Comparing different Neural NLP models for Emoji Prediction.

Awesome Lists containing this project

README

        

## Addicted to #avocado toast :heart_eyes: Comparing different Neural NLP models for Emoji Prediction

This project was conducted for the *Deep Learning for Natural Language Technologies* course of the Universiteit van Amsterdam's
Master Artificial Intelligence program during the winter term 2018/2019.

### Task description

This SemEval shared tasks aims to explore the predictability of emojis, small ideograms depicting objects, people and
scenes, given the tweet they were used in. An example tweet from the data set is the following:

---
Addicted to #avocado toast. @ Kitchen :heart_eyes:

---
Only tweets with one emoji were included in the data set. No meta data is given. Because only tweets with one of the 20
most frequent emojis in English or Spanish respectively were selected, this task can be seen as a form of multi-label
classification. The tweets were gathered between October 2015 and February 2017. For more information
about the task, consult the original [competition paper](http://www.aclweb.org/anthology/S18-1003).

### Results

The results are split up for the english and the spanish part of the data set. All models' performances were determined
on the test set. Due to limited computational resources, the vocabulary size during training
was limited to 10.000 types. Additionally, the data was pre-processed with the [Ekphrasis](https://github.com/cbaziotis/ekphrasis)
library, which supplies Twitter-specific tools for text normalization.

#### English

| Model|Precision |Recall |F1-score |
|------:|:----------|:-------|:---------|
|Bag-of-Words + Logistic Regression | 0.3450 | 0.3069 | 0.3129 |
|Bag-of-Words + SVM | 0.2586 | 0.2681 | 0.2549 |
| CNN | 0.3490| 0.2851 | 0.2903 |
| BiLSTM | 0.3252 | 0.3182 | 0.3187|
| BiLSTM + Attention | **0.3505** | **0.3353** | **0.3378** |

#### Error analysis

![Scores by class](./img/results_per_class.png)

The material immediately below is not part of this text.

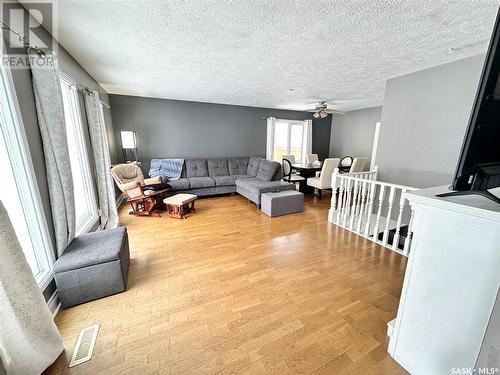 748 Brimacombe Drive, Weyburn, SK - Indoor Photo Showing Living Room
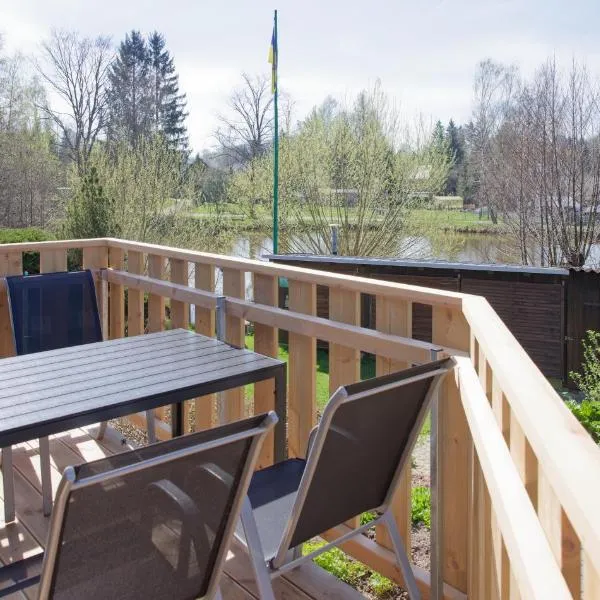 Ferienwohnung am See-Neu mit Balkon, hotel in Friedersdorf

Here we can see that the model appears to performs best for the most frequently appearing classes like
:heart: and :joy: as well as for very distinct classes like :us: and :christmas_tree:.
Variants of the red heart like :two_hearts:, :purple_heart: and :blue_heart: perform relatively worse.
Moreover, the model seems to struggle with different nuances of facial expressions like :blush:, :grin:, :sunglasses:,
:kissing_heart: or :stuck_out_tongue_winking_eye:. However, they are *not* being confused, as this confusion matrix shows:

![Confusion](./img/confusion_matrix.png)

The only confusions that occur are the mix-up of the two camera-relatex emojis :camera: and :camera: with a flash as well
as :heart: and :sunny:, where, most remarkably, it is apparent that the sun emoji is not mixed up with any other specific
label, which suggests a distinct usage. :stuck_out_tongue_winking_eye: can be seen to be consistently mislabelled as
other emojis, which explains its low performance.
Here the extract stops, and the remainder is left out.